"Au sud de la frontière, à l'ouest du soleil" de Haruki Murakami

Publié le par Michel Sender

"Au sud de la frontière, à l'ouest du soleil" de Haruki Murakami

« Je suis né le 4 janvier 1951. La première semaine du premier mois de la première année de la seconde moitié du XXe siècle. Cette date de naissance significative me valut d’être prénommé Hajime, ce qui signifie « commencement ». Cela mis à part, aucun événement notable n’accompagna ma venue au monde. Mon père était employé dans une société de courtage, ma mère était une ordinaire femme au foyer. Mon père, mobilisé pendant la guerre dans un contingent d’étudiants, avait été envoyé se battre à Singapour. À la fin des hostilités, il était resté interné quelque temps dans un camp de prisonniers. La maison de famille de ma mère avait complètement brûlé à la suite d’une attaque aérienne par un B29, la dernière année de la guerre. La génération de mes parents avait beaucoup souffert de cet interminable conflit. » [*]

 

Au sud de la frontière, à l’ouest du soleil (le début du titre fait référence à South of the Border, un morceau de Nate King Cole) de Haruki Murakami reste un roman extrêmement déroutant et attachant.

Le livre débute comme les souvenirs d’enfance d’un « enfant unique » (ce qui fut le cas de Murakami) et de son attachement pour Shimamoto-san (Mademoiselle Shimamoto), jeune fille rencontrée avant le collège puis perdue de vue.

Le narrateur bifurque ensuite, au lycée, sur son amour pour Izumi, qu’il trahira en ayant d’intenses relations sexuelles avec sa cousine, étudiante à Kyoto.
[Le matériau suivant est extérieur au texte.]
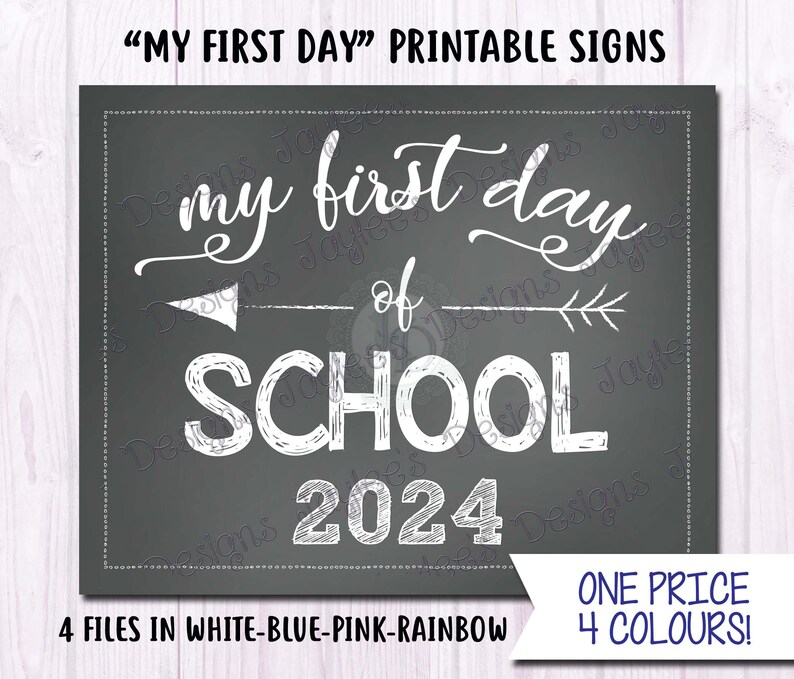 First Day of SCHOOL 2024 4 Colour - Il 794xN.5687497080 B41y
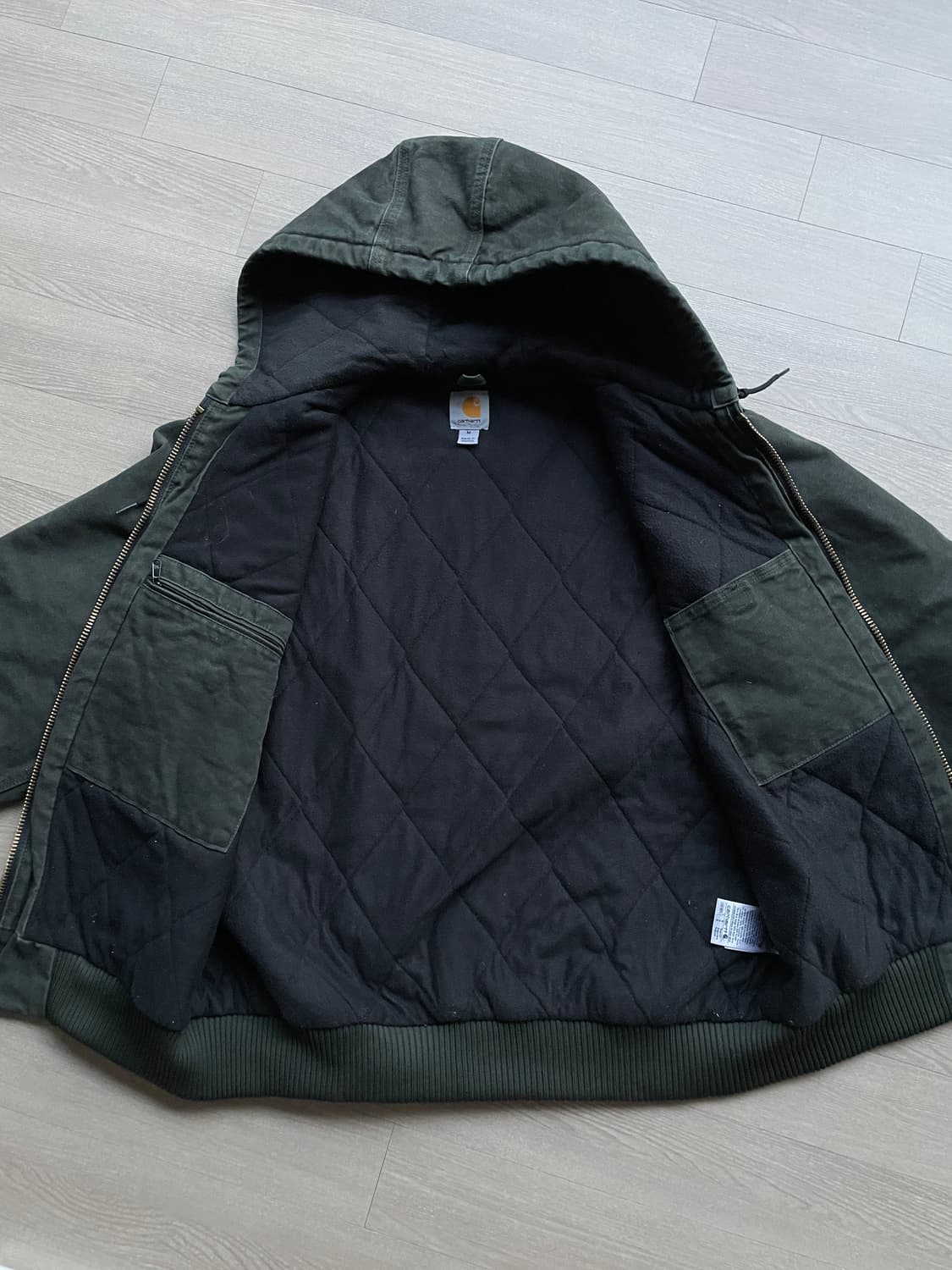 칼하트 j130 mos 모스 액티브 샌드스톤 상품이미지6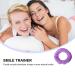 Silicone Face Lifting Lip Exerciser - 2pcs Lip Trainer & Mouth Muscle Tightener Tool for Women - Purple - Buy Online on GoSupps.com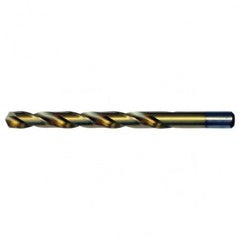 #21 RHS / RHC HSS 135 Degree Split Point Heavy Duty Jobber Drill - TiN - USA Tool & Supply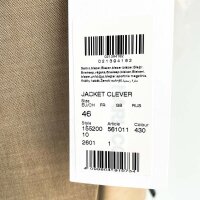 KARL LAGERFELD Clever-Road Sakko für Herren, Slim Fit, Größe 46, Beige meliert, Schurwolle-Viskose, 155200102601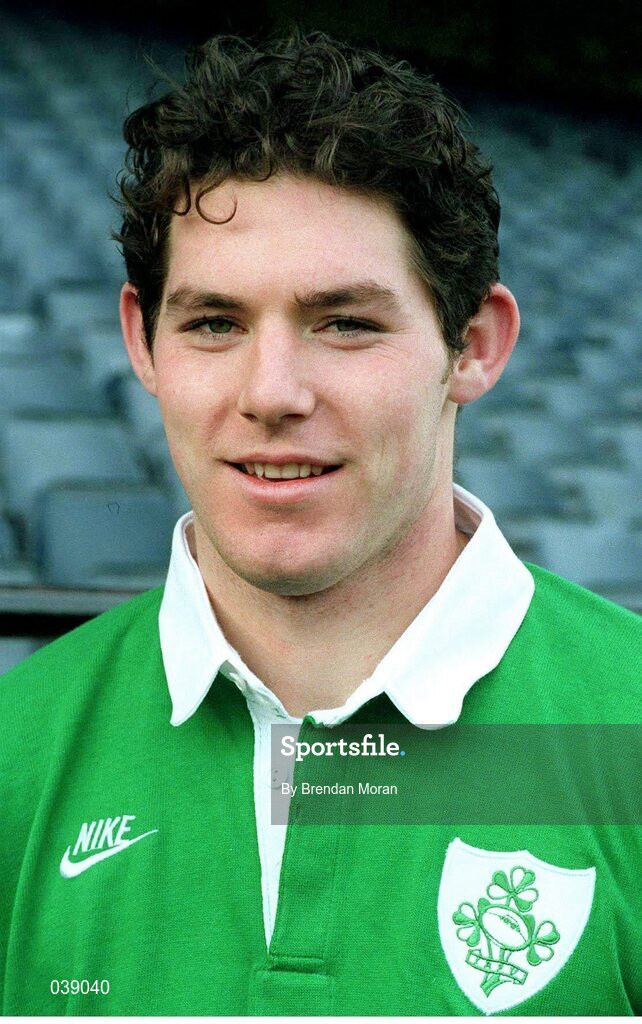 30 January 1996; Simon Mason, Ireland. Ireland Rugby Squad Portraits 1996, Lansdowne Road, Dublin. Picture credit: Brendan Moran / SPORTSFILE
Après l’Université, et alors qu’il s’ennuie dans un travail routinier au sein d’une maison d’édition scolaire à Tokyo, Hajime rencontre Yukiko, qu’il épouse et dont le père l’aide à devenir gérant d’un club de jazz (ce que fut également Murakami).

Et c’est là que réapparaît Shimamoto-san, avec qui il vivra une liaison torride, avant qu’elle ne disparaisse totalement — après lui avoir avoué qu’elle souffrait d’Hysteria siberiana, une maladie qui force à marcher jusqu’à l’épuisement et la mort « vers l’ouest du soleil »

Le récit, très ancré dans un quotidien banal, alterne ainsi avec des séquences d’une étrangeté mystérieuse, voire fantastique, et les sensations déprimantes d’une réalité incongrûment normale avec laquelle le héros cherche à transiger.

Au sud de la frontière, à l’ouest du soleil semble une partie transitoire dans l’œuvre de Haruki Murakami (qui travaillait alors également à un très long ouvrage, Chroniques de l’oiseau à ressort, paru au Japon en trois volumes de 1994 à 1995), une petite forme qui frappe néanmoins par son originalité et la boulimie narrative qui caractérise son auteur.

 

Michel Sender.

 

[*]  Au sud de la frontière, à l’ouest du soleil de Haruki Murakami (Kokkyô no minami, taiyô no nishi, 1992), traduit du japonais par Corinne Atlan [Belfond, 2002], éditions France Loisirs, Paris, novembre 2010 ; 288 pages.